#### DIRECTIONS FOR THIS TASK
Set down the data below in full and exactly, minus the pictures.

#### INFORMATION SUPPLIED

◇ ◇ ◇ ◇ ◇ ◇ ◇

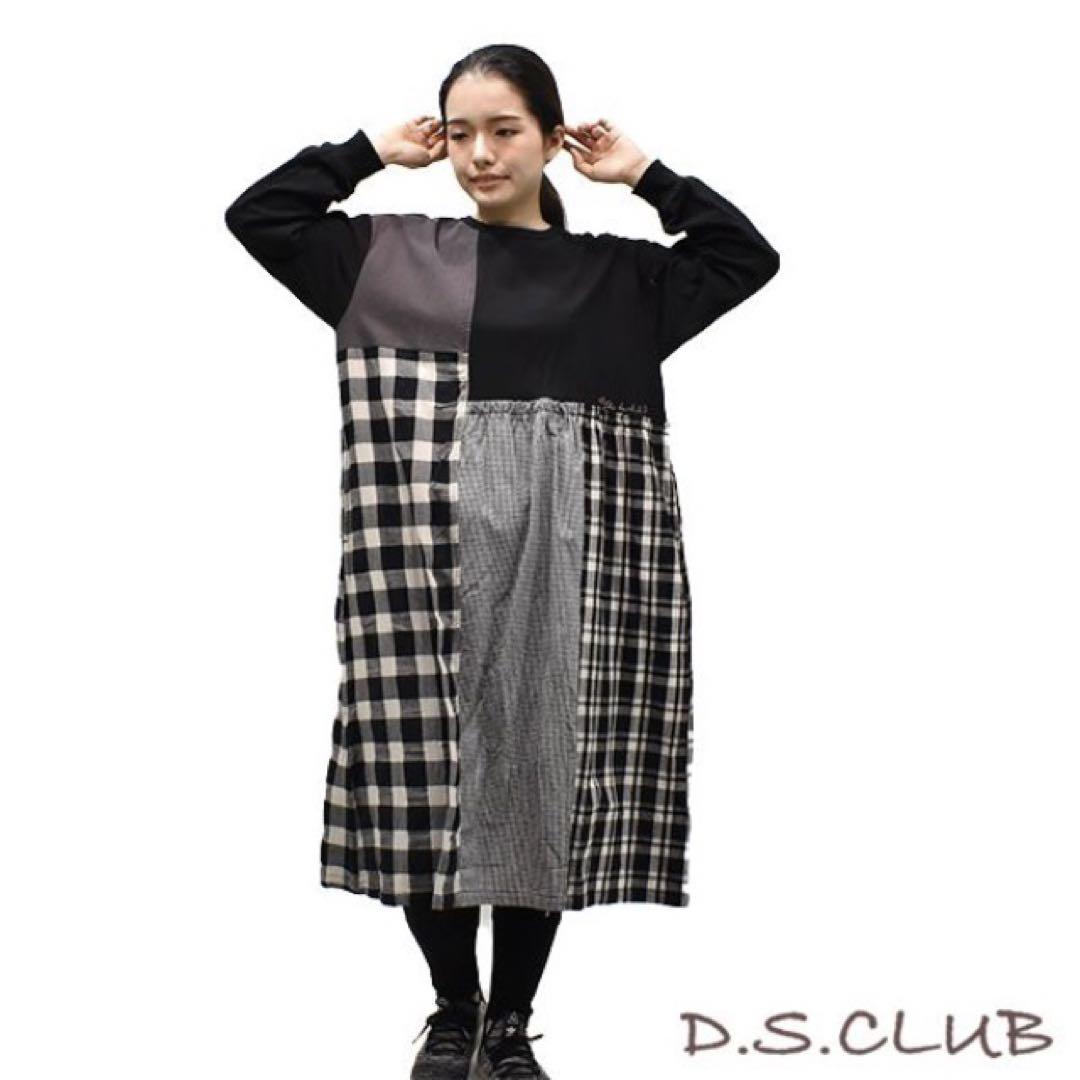 18日までdrug store'sチェック使いかわいいチュニワンピ(D.S.C)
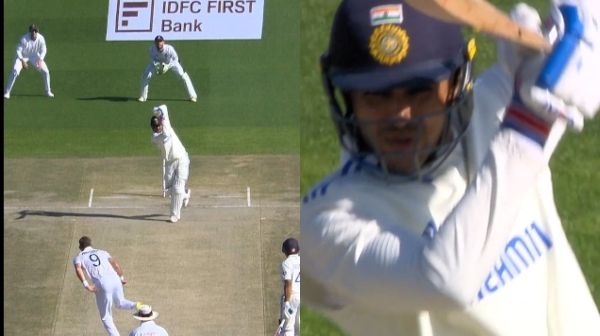 India vs England - Shumban gill hits straight six off anderson ball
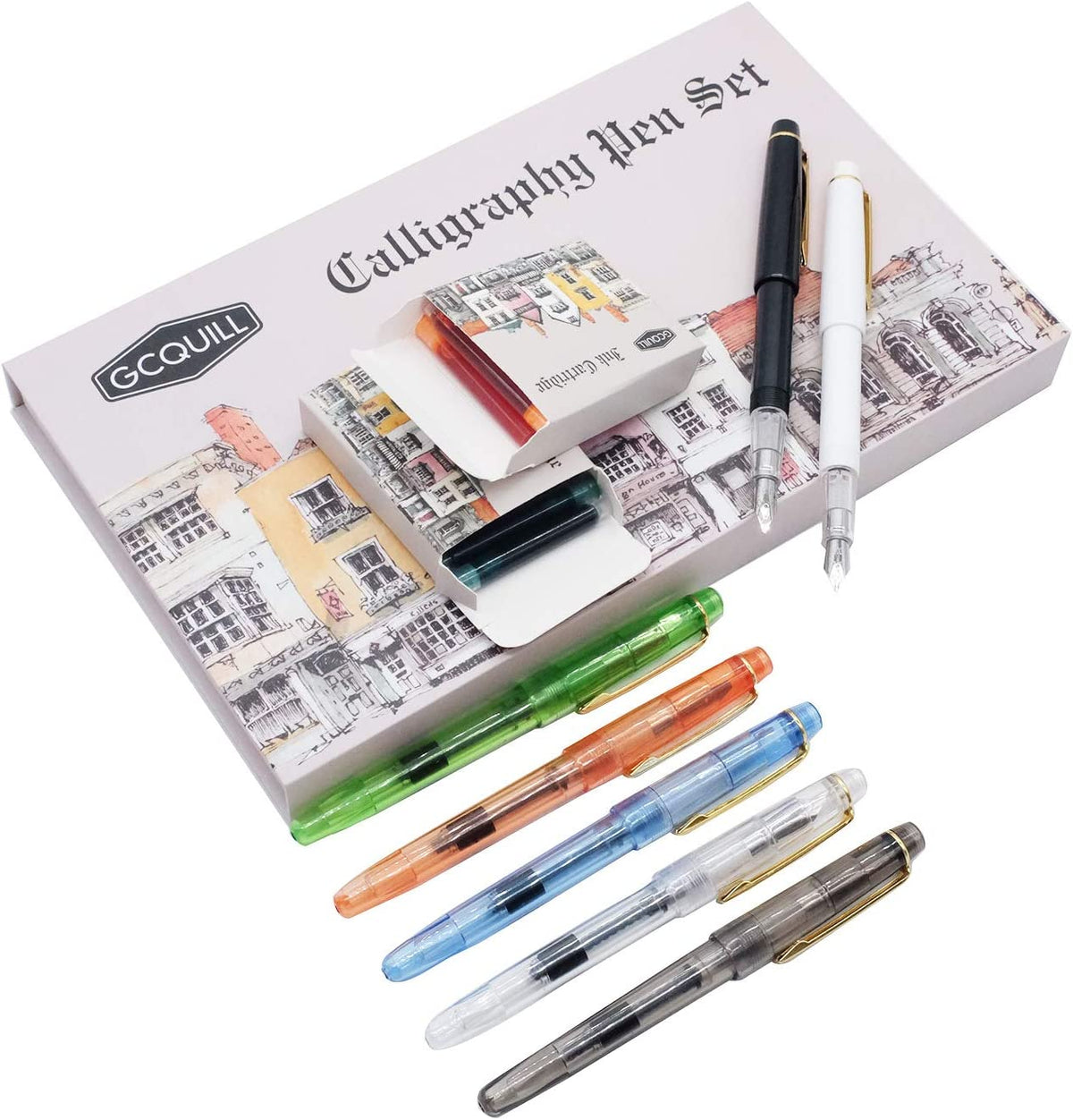 Fountain Pen Set 7 Different Size Nibs and 36 Assorted Ink Cartridges Kit for Calligraphy Lettering - Complete Easy Learning Set for Beginners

◇ ◇ ◇ ◇ ◇ ◇ ◇

#### EXERCISE RESULT
 18日までdrug store'sチェック使いかわいいチュニワンピ(D.S.C)
 India vs England - Shumban gill hits straight six off anderson ball
 Fountain Pen Set 7 Different Size Nibs and 36 Assorted Ink Cartridges Kit for Calligraphy Lettering - Complete Easy Learning Set for Beginners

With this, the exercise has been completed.